By Dr. Don Shurley
Cotton once again seems to be meandering in the muck and mire and going nowhere. The recent rally to near the 65-cent area fizzled out, and prices have since retreated back near the “old support” area of roughly 62 cents.
December futures actually closed the week on a good note – at 63.32, up 100 points for the day and up 56 points for the week.
Assuming the recent decline all the way to 60 cents will not be repeated (assuming the market has now “corrected” that error in its thinking) and assuming the old and now-renewed support at near 62 cents can hold, the market appears to be negotiating a narrow trading range of mostly 62 to 65 cents.
There has been some discussion among analysts lately of the “spread.” This is the difference in futures prices between various contract months. This spread is typically positive and, among other things, reflects how much more or less the market is willing to pay for the commodity in the future versus right now. It can be a signal to the producer that the market wants the crop now or later.

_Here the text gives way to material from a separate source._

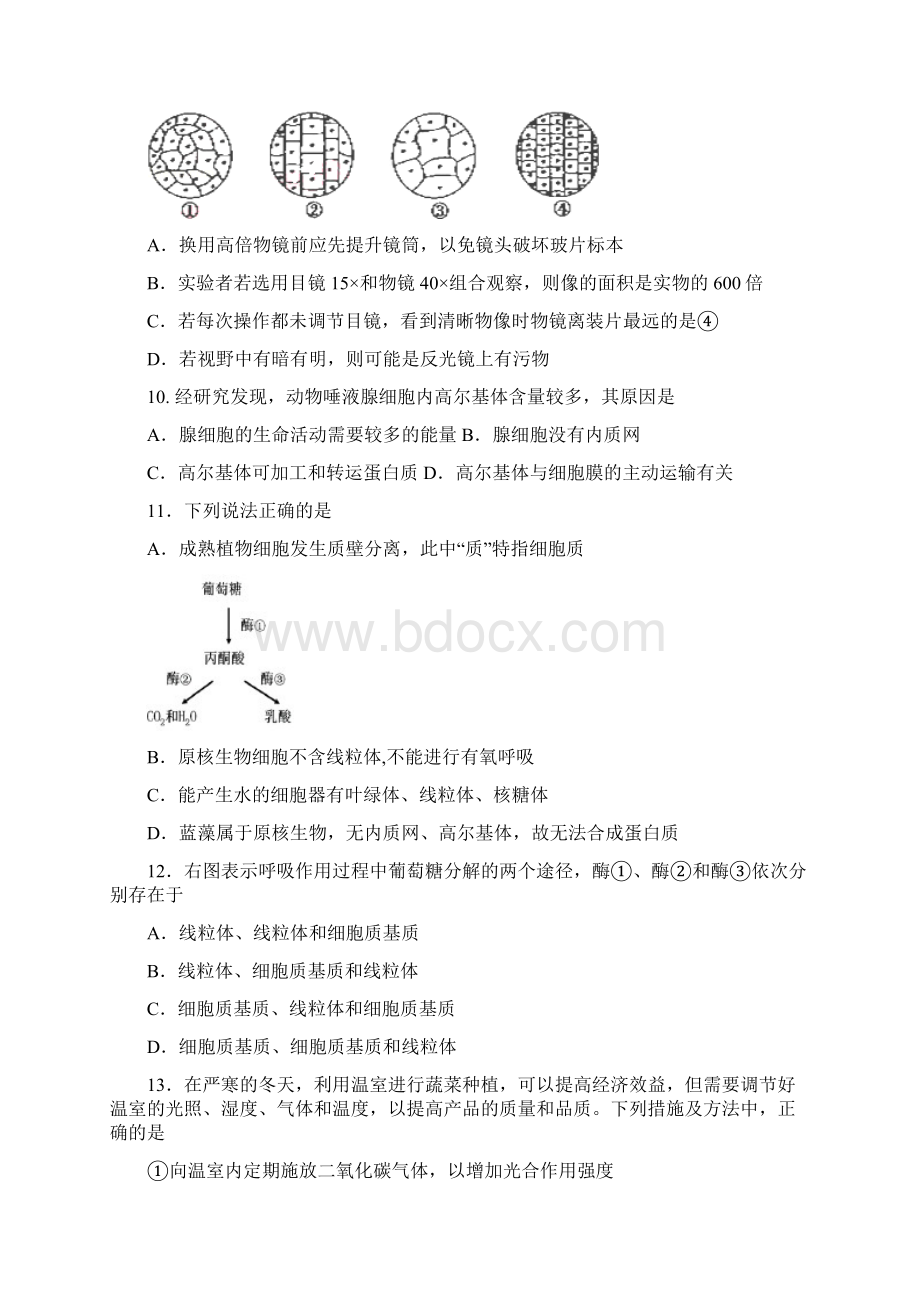 福建师大附中学年高二生物上学期期末考试试题.docx_第3页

Currently, March is at a discount to December. May is a 60-point premium to March; thus the December-May spread is +28 points, and December-July is +63 points. These spreads will change (narrow or widen) over time, and – again – is a signal of the market’s demand for the crop or lack of it. The current spreads alone do not warrant holding cotton. A profit from holding the crop will have to come from an increase in price and/or an improvement in the basis. Of course, if in the Loan, the AWP and MLG also come into play.
As we enter November, there are still uncertainties about the quality and eventual size of the U.S. crop. The October USDA numbers did not include the impact of heavy rains in the Carolinas and Virginia. There is also now uncertainty of the impact of rains that have recently moved through west Texas and across the Mid-South.

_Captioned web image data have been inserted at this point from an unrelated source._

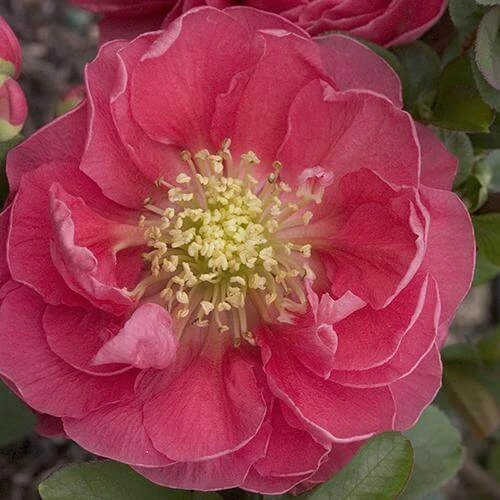 Double Take Pink™ Flowering Quince 3 Double Take Pink™ Flowering Quince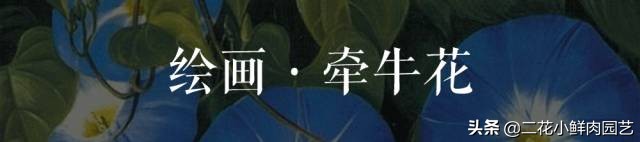 100种花卉绘画,100多张花卉线描手稿素材赶快收藏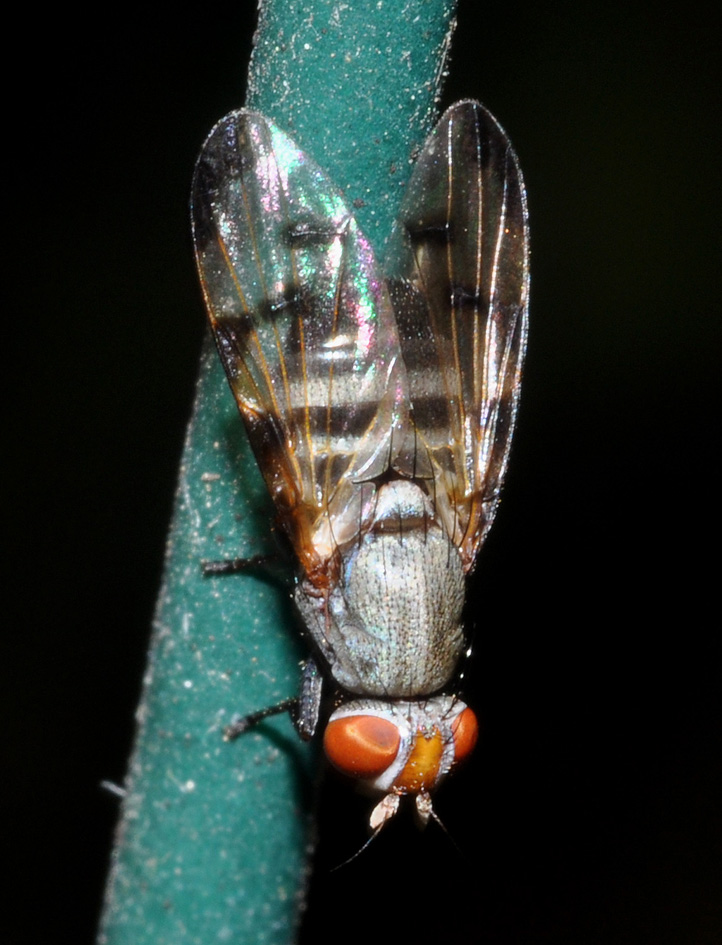 Herina tristis (Ulididae)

As of October 25, the crop was pretty much on target or ahead of normal in development. With Kansas as the lone exception, the cotton in all other states is very near or ahead of normal in bolls opening.

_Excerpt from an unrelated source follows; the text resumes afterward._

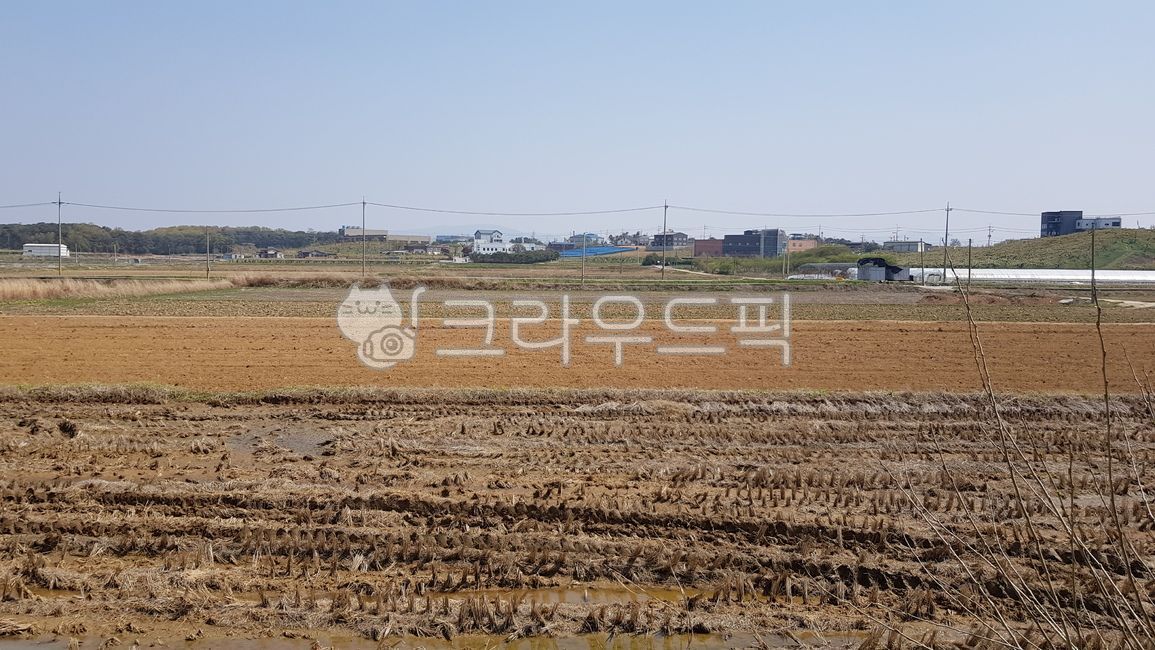 시골, 밭, 논, 땅, 황금, 사진,이미지,일러스트,캘리그라피 - 제제7작가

As of October 25, harvest was behind schedule, most notably in Georgia, Oklahoma, the Carolinas and Virginia, and Tennessee. The Louisiana crop is rated 21% poor to very poor, North Carolina 25%, and South Carolina 34%. The Texas crop is 62% fair or worse. So, there is still uncertainty and concern about crop size. Whether this will materialize into a further boost for prices is anybody’s guess at this point. USDA’s updated numbers will be out on November 10.
The basis and fiber quality premiums in the Southeast remain strong. The basis for 41-4/34 is +25 points December, and the premium for 31-3/35 is +325 points. The premium for 31-3 with a 36 staple is +400 points.
The LDP/MLG for the week October 30 through November 5 is 4.86 cents – up from 3.63 cents for the week ended October 29. The “total money” from taking the LDP and selling 31-3/35 is currently 71.68 cents per lb., based on the October 30 close.
The “total money” will increase if December futures increase during the week. If December goes down, the LDP/MLG for the following week will go up. Hold off and reconsider the following week.
U.S. fiber quality has been at a premium, especially for the last two crop seasons. This is expected to continue, but it is uncertain for how long and for what price. Thus far, color grades are better in the Mid-South compared to last season, while color grades in the Southeast and in Texas are, to date, not on par with last season.
In most states, staple appears to be as good as or better than last season, with the exception of the Carolinas, Virginia and Florida. Louisiana is also running shorter than last year.
Uniformity is running a little lower in North Carolina. Strength is also lower in the Carolinas and Virginia. High micronaire, caused most often by plant stress, is also a problem compared to last season in the Carolinas and Virginia, and in Louisiana and Mississippi.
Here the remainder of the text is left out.